From the end of the ridge the track sidled across under a peak to a saddle, with views down into the Maniototo. Below the saddle, in a wee gully, was Blue Duck Creek Hut. It was a steep descent to a pretty spot, but not as sheltered from the wind as I thought it would be. I arrived at 1pm and decided to call it a day. 5 hours walking in the cold wind was quite enough for one day.

The hut was in poor shape. The door was secured with a wire but you needed to lift the door to open it. A damp dirt floor, bunks in disrepair, kapok mattresses mostly buggered, but two decent one's hanging from beams, a partially glazed window, and a fireplace that had almost been burnt itself. And lots of rubbish. Not very salubrious at all!

I looked around for a flat tent site. The area was really boggy, and nowhere was totally flat, so I decided to make do with sleeping in the hut. I pulled down one of the good mattresses and threw it on top of one of the ruined mattresses. A bit lumpy, but surprisingly comfortable. I patched up the broken window with a large builders bag I found on one of the bunks and found a couple of biscuit tins to use for a cooking platform. I'd brought my camping chair so I now had a fairly weather tight and comfortable place for the evening and night. I sat out in the sun to read for a while, but the cold wind had me retreating inside once the sun left the valley.

Even after a cuppa, soup, a cooked dinner, then heating some water to get burnt food off the bottom of my pot I still had some gas left!! Perhaps my gas anxiety was unwarranted....

I was in bed by 6pm, reading a while before getting some sleep.

Day 4 Blue Duck Creek Hut to Mt Buster Rd 3.25hrs

I slept okay considering my accommodation! The mattress was lumpy but not musty or damp and I got a reasonable amount of sleep. There were a few rain showers overnight but I stayed perfectly dry in the hut. 
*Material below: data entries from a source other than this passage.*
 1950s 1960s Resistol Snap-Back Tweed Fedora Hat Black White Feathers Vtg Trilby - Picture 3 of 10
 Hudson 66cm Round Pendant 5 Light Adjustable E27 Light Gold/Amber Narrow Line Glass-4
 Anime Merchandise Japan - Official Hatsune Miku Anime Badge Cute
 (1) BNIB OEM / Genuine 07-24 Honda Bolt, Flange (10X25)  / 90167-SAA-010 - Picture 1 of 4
It was a much warmer morning, and though the rain cleared it remained overcast. It was still windy but the wind direction had changed so it wasn't cold like the day before. I walked in shorts and my rain pants, leaving at 7:40 for the big climb back up to the saddle and then a further climb from the saddle up to the next ridge. 

The ridge track went up and down and then across to Mt Buster, with great views across to the diggings, and down into the Maniototo. I saw no-one, and no vehicles either. I joined the main track where it began its descent to the Kyeburn River. The clouds were clearing, with more blue sky appearing, and once I was heading downhill I was out of the wind and able to remove my rain pants and just walk in my shorts. It was grand to be walking downhill, on an admittedly steep track and enjoying those massive vistas that are unique to the Maniototo.

It was only when I was removing my shoes at Kokonga Hut to cross the Kyeburn River that I saw my first 4WD vehicle of the day. Once over the shallow crossing I walked the couple of hundred metres back to the car in my Crocs.

There was no problem crossing the fords back to Danseys Pass Rd. I headed back to Naseby for a well earned Eggs Benedict with bacon and avocado, then drove home to Wanaka.